## Goal of the exercise:
Print only the lines below, from the very first to the one containing "Bolsas de Mano", exactly as they stand. Do not print pictures.

Image-text web data:

┄┄┄┄┄┄┄┄┄┄┄┄┄┄┄┄┄┄┄┄

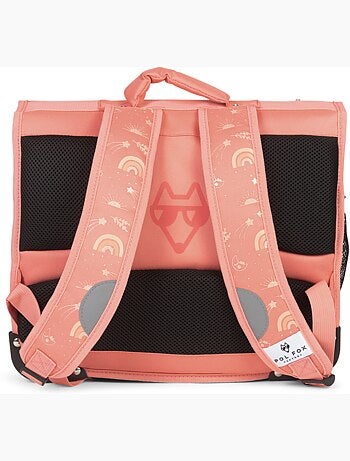 Cartable fille POL FOX Moon rose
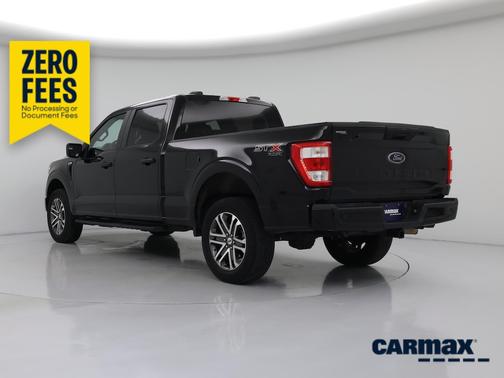 Black 2022 Ford F-150 XL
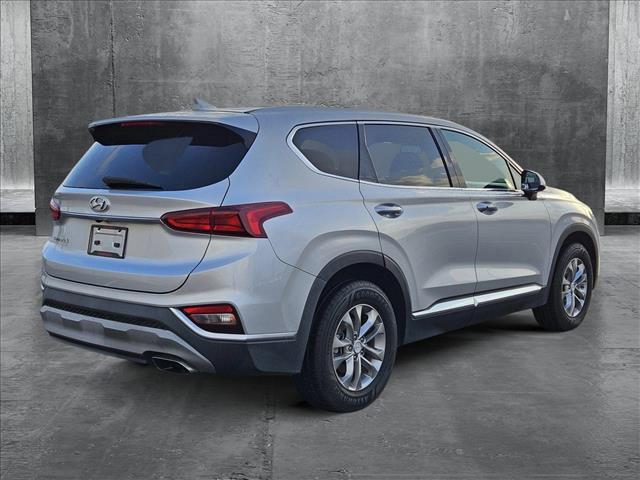 used 2020 Hyundai Santa Fe car, priced at $19,233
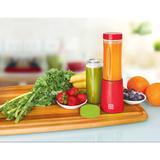 Euro Cuisine Portable Blender for Shakes and Smoothies by Euro Cuisine in Red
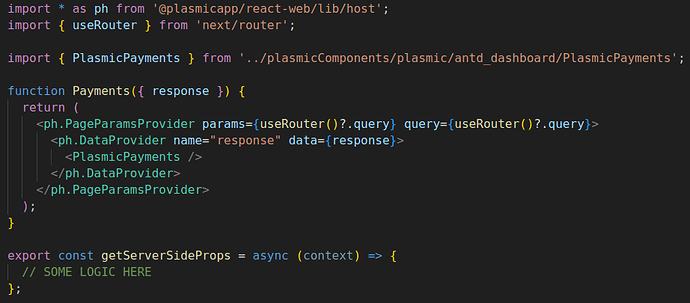 PlasmicPage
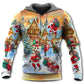 Christmas Santa In Town Xmas Coming - Hoodie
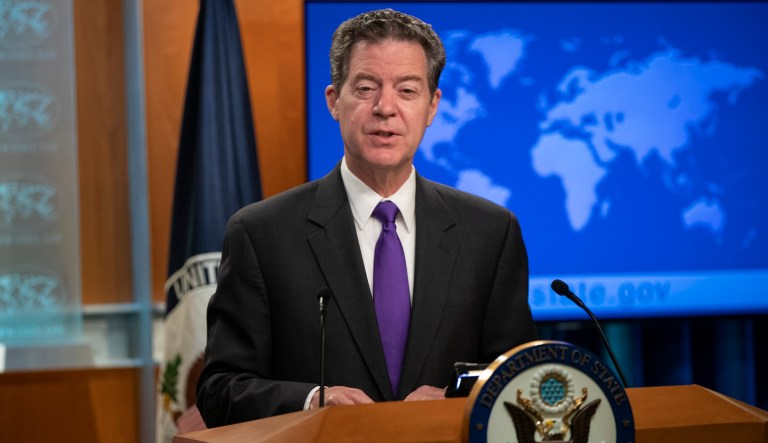 Brownback warns world: Stop teaching hatred of religious minorities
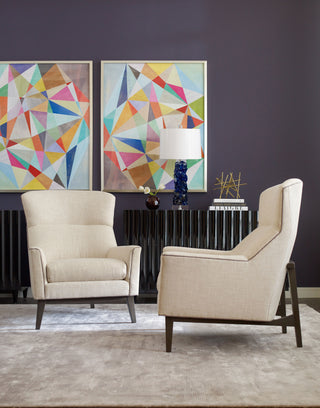 Franz Chair in Comfy Dove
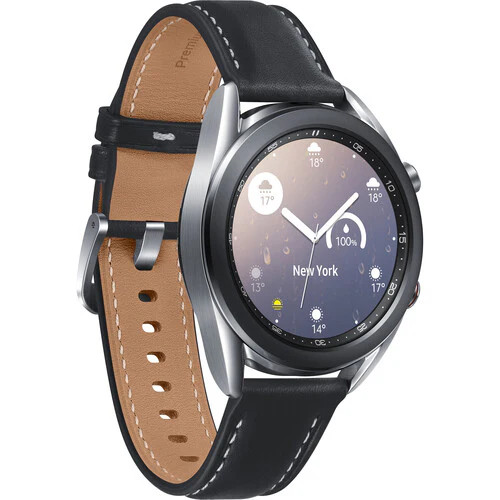 Samsung SM-R850NZSAXAR-RB Galaxy Watch 3Bluetooth Silver Certified Refurbished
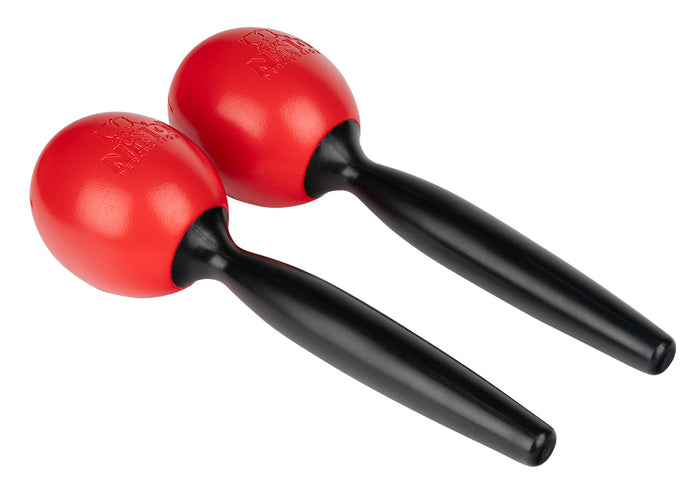 MARACAS NINO MEDIUM rouge EN ABS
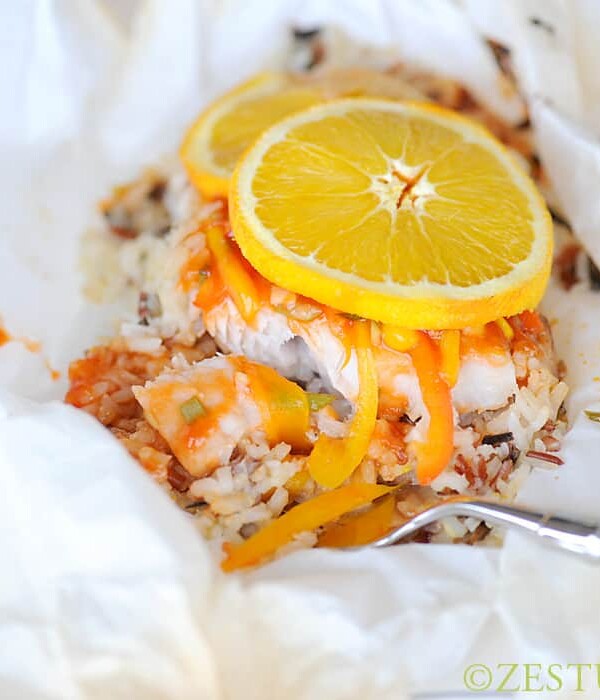 Orange Habanero Fish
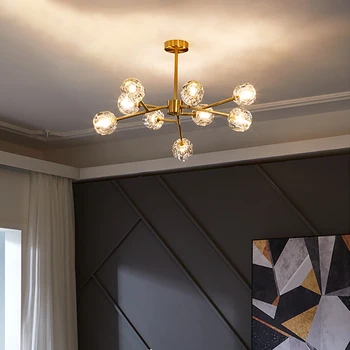 

Modern Ceiling Chandelier In The Living Room Kitchen Dining Room Home Decor Chandelier Lighting LED Chandeliers Light Fixtures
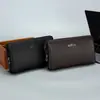 Bolsas de Mano de Cuero para Hombre, Bolsos de Hombre, Bolsos de Cuero Genuino con Candado de Contraseña, Bolsos de Cuero Suave de Gran Capacidad Business Casual, Bolsos de Hombre al Por Mayor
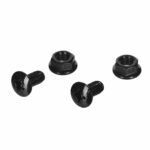 Lanberg brush panel for 19  cabinets black ak-1102-b - imagine 5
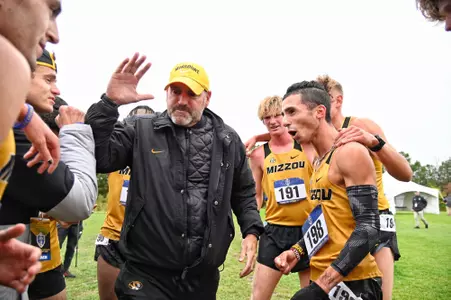 SEC Champ race burns and wilhite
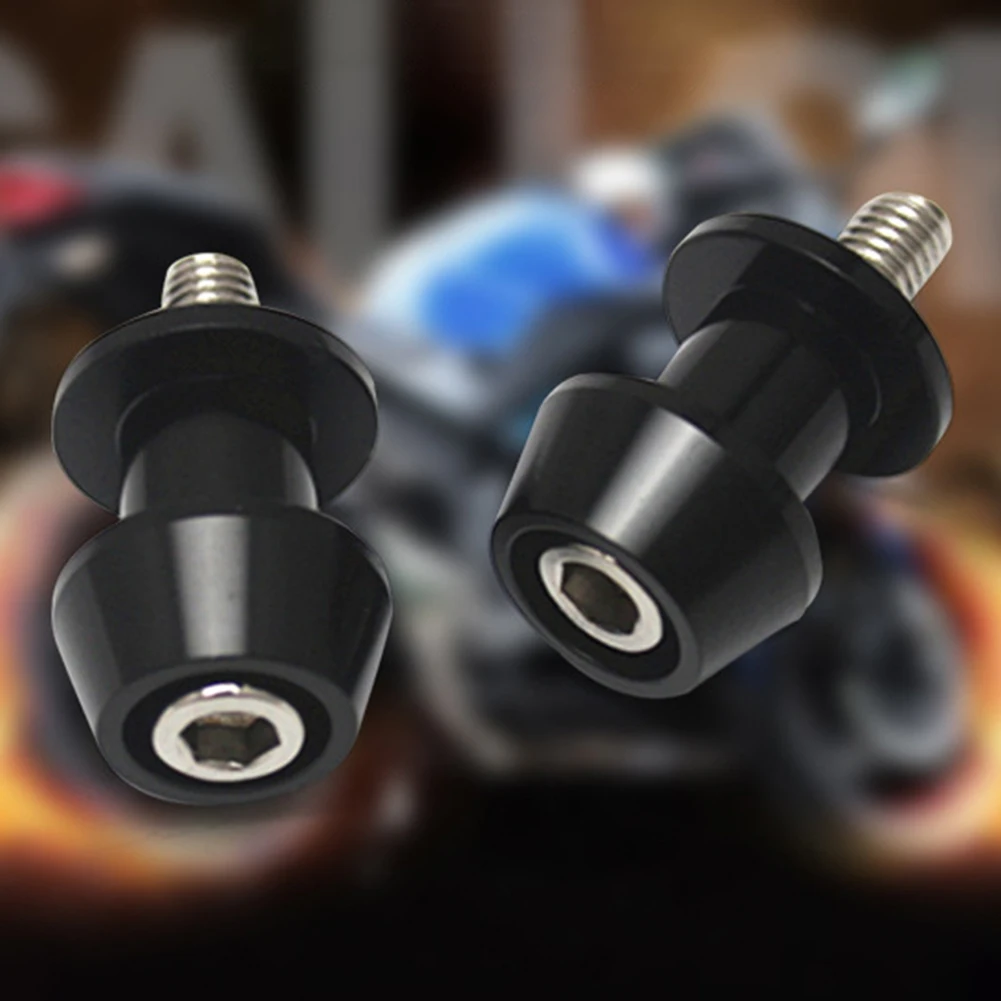 Комплект из 2 предметов 8/10 мм стильный металлический мотоцикл поворотные ручки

┄┄┄┄┄┄┄┄┄┄┄┄┄┄┄┄┄┄┄┄

## Solution for this task:
 Cartable fille POL FOX Moon rose
 Black 2022 Ford F-150 XL
 used 2020 Hyundai Santa Fe car, priced at $19,233
 Euro Cuisine Portable Blender for Shakes and Smoothies by Euro Cuisine in Red
 PlasmicPage
 Christmas Santa In Town Xmas Coming - Hoodie
 Brownback warns world: Stop teaching hatred of religious minorities
 Franz Chair in Comfy Dove
 Samsung SM-R850NZSAXAR-RB Galaxy Watch 3Bluetooth Silver Certified Refurbished
 MARACAS NINO MEDIUM rouge EN ABS
 Orange Habanero Fish

Modern Ceiling Chandelier In The Living Room Kitchen Dining Room Home Decor Chandelier Lighting LED Chandeliers Light Fixtures
 Bolsas de Mano de Cuero para Hombre, Bolsos de Hombre, Bolsos de Cuero Genuino con Candado de Contraseña, Bolsos de Cuero Suave de Gran Capacidad Business Casual, Bolsos de Hombre al Por Mayor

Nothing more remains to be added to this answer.